Make reconciliation with Aboriginal Peoples a ‘high, urgent’ priority: Sinclair

The head of a six-year study of Canada’s residential schools legacy used Wednesday’s closing ceremony, attended by Prime Minister Stephen Harper, to urge a high and urgent priority on reconciliation efforts.

OTTAWA — The head of a six-year study of Canada’s residential schools legacy used Wednesday’s closing ceremony, attended by Prime Minister Stephen Harper, to urge a high and urgent priority on reconciliation efforts.

Justice Murray Sinclair, the chairman of the Truth and Reconciliation Commission, said the dark history of Canada’s residential schools provides lessons that go far beyond the school experience itself.

“We ended up learning about, and therefore writing about, much more than residential schools, for this history is about so much more than just schools,” Sinclair told a ceremony at Rideau Hall — the Governor General’s residence and symbol of the Crown’s legal responsibilities to Canada’s Aboriginal Peoples.

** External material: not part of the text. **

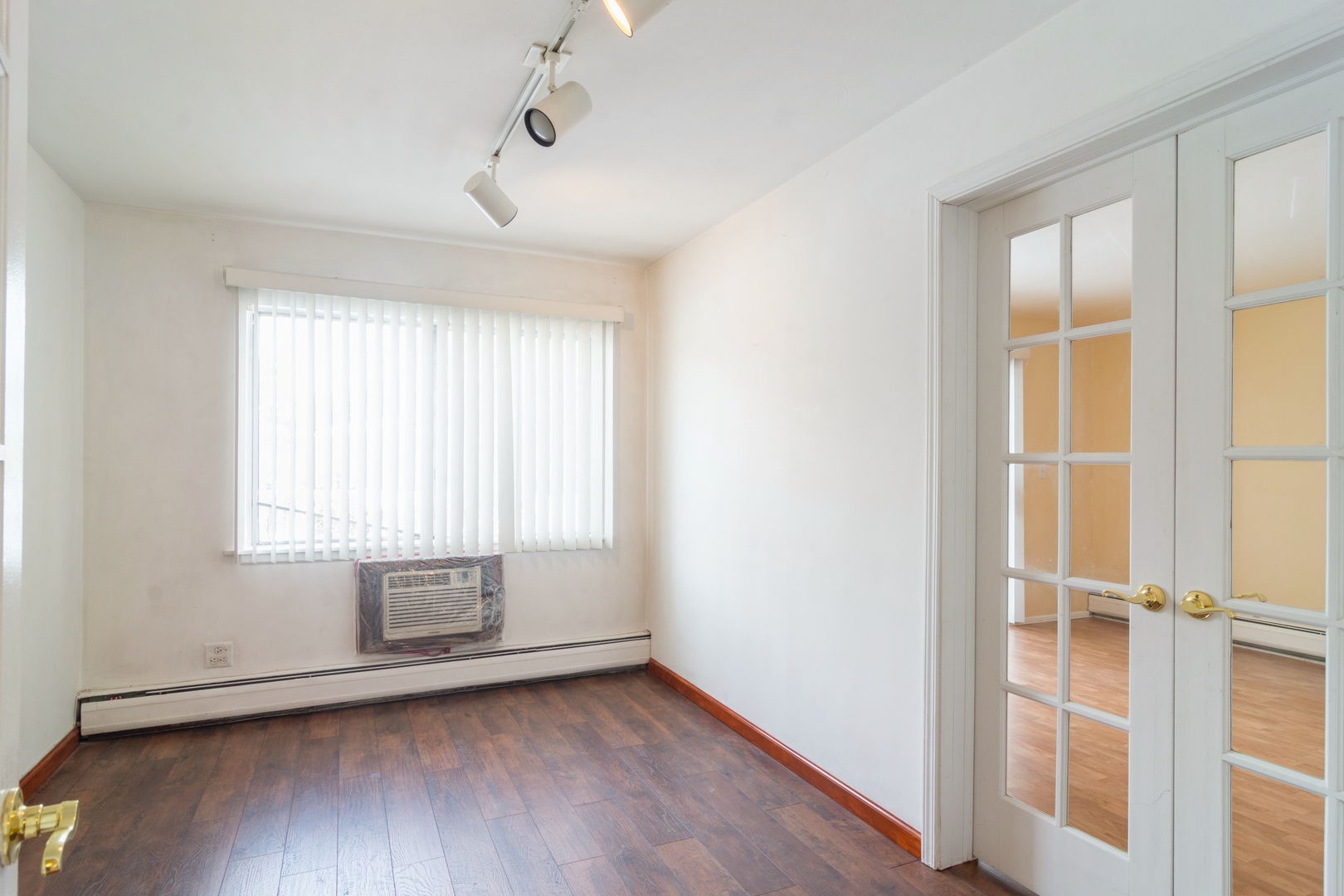 602 East Algonquin Road, Unit 109 Arlington Heights, IL 60005 - Photo 8 of 15 an empty room with wooden floor and windows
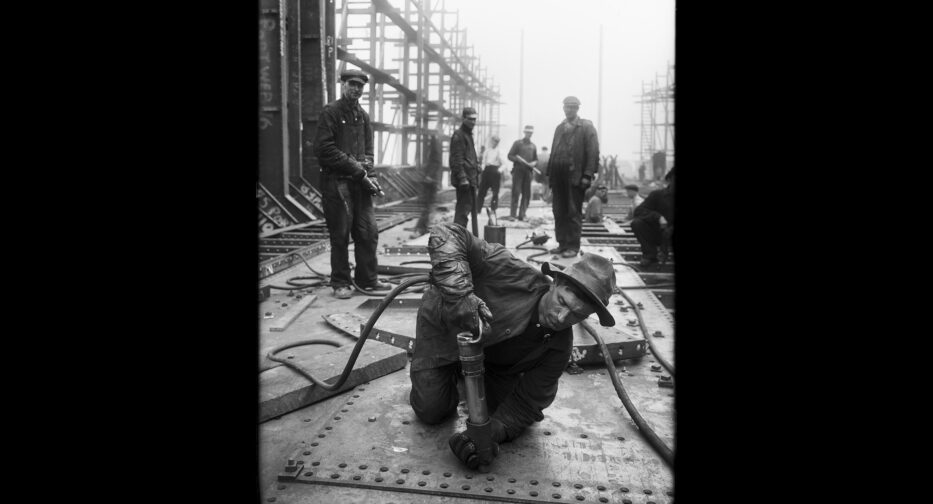 A shipyard riveter working with eight of his coworkers watching, September 1917.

A summary of the commission’s conclusions, including its description of a “cultural genocide” and the estimate deaths of more than 6,000 children, was released Tuesday along with an exhaustive list of 94 recommendations.

“My fellow commissioners and I are convinced that for healing and reconciliation to happen in this country, such work must be done as a high — and in some cases urgent — priority,” said Sinclair, as Harper looked on.

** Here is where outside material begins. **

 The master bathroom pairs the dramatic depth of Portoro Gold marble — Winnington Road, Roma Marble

“And it must be done in partnership.”

It’s the question that now hangs over the $60-million class action settlement and the commission it spawned.

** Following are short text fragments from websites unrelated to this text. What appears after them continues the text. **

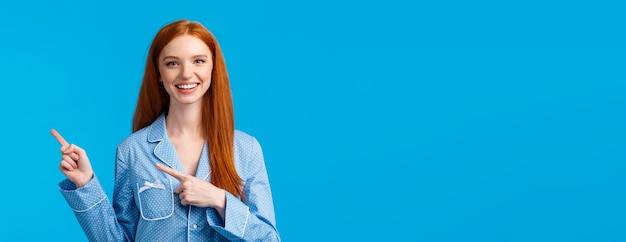 Friendly attractive redhead female student showing person way in dormitory college pointing right an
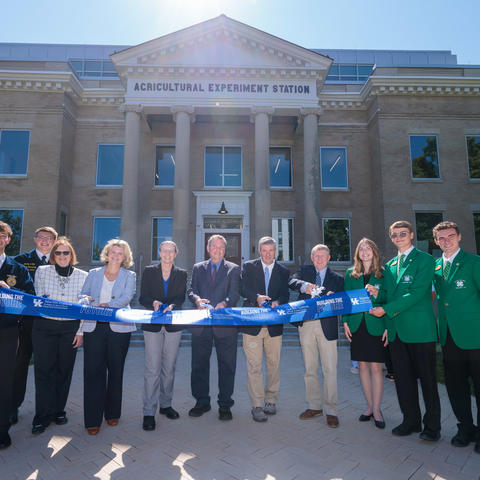 A group of people stands in front of the University of Kentucky Agricultural Experiment Station building during a ribbon-cutting ceremony. The historic brick building features a columned entrance and a sign reading “AGRICULTURAL EXPERIMENT STATION." 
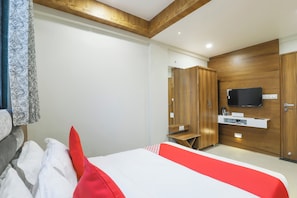 A hotel room with a bed, a TV mounted on the wall, a wardrobe, and a small table with a coffee maker. - Hotel O Madhav Villa (Ahmedabad)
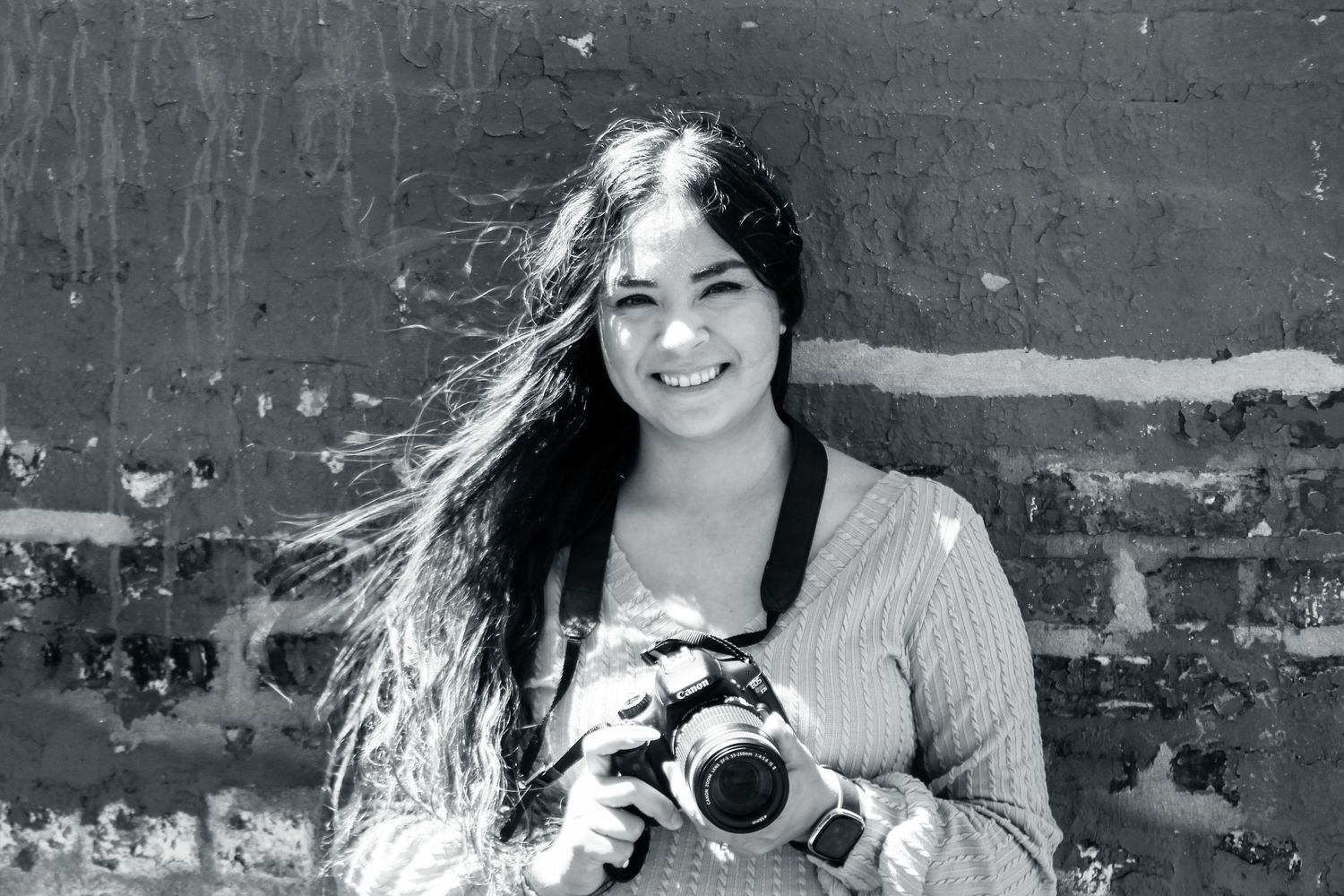 A photographer with long dark hair smiles while holding a vintage camera against a textured wall.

As Gov.-Gen. David Johnston himself put it Wednesday: “This is a moment to ask ourselves, ’Where do we go from here?”’

The prime minister did not address the gathering at Rideau Hall, but on Tuesday in the House of Commons he suggested that his government has already moved on addressing aboriginal concerns in the seven years since Harper issued an historic apology from the government of Canada.

The commission report’s authors have a different perspective, and Harper’s political adversaries are quickly jumping into the divide.

NDP Leader Tom Mulcair said righting the wrongs done to Canada’s Aboriginal Peoples starts with respect.

An NDP government would put a “filter” on all decisions that it makes to ensure every action respects First Nations’ treaty rights, inherent rights and Canada’s international obligations to indigenous peoples, Mulcair said Wednesday.

He said an NDP government would undertake as a top priority a “vast consultation” on improving the quality and accessibility of education for aboriginal children.

The Conservative government proposed an ambitious aboriginal education initiative but it foundered after some First Nations leaders complained they hadn’t been adequately consulted.

Mulcair acknowledged the difficulty of getting agreement among some 600 First Nations, but accused Harper of being unwilling to do the hard work to strike a deal.

“Mr. Harper likes to boast that the decisions he has to make are tough decisions. Well, this is a tough one and it requires hard work but it requires putting people around the same table,” he said.

It’s unconscionable that aboriginal children “receive systematically 30 per cent less than other Canadian kids” for education, Mulcair added.

“So that’s easy to fix. You can get to that but you can’t impose it. It has to be the result of a vast consultation.”

He also reiterated his promise to launch within 100 days of taking office a royal commission of inquiry into murdered and missing indigenous women.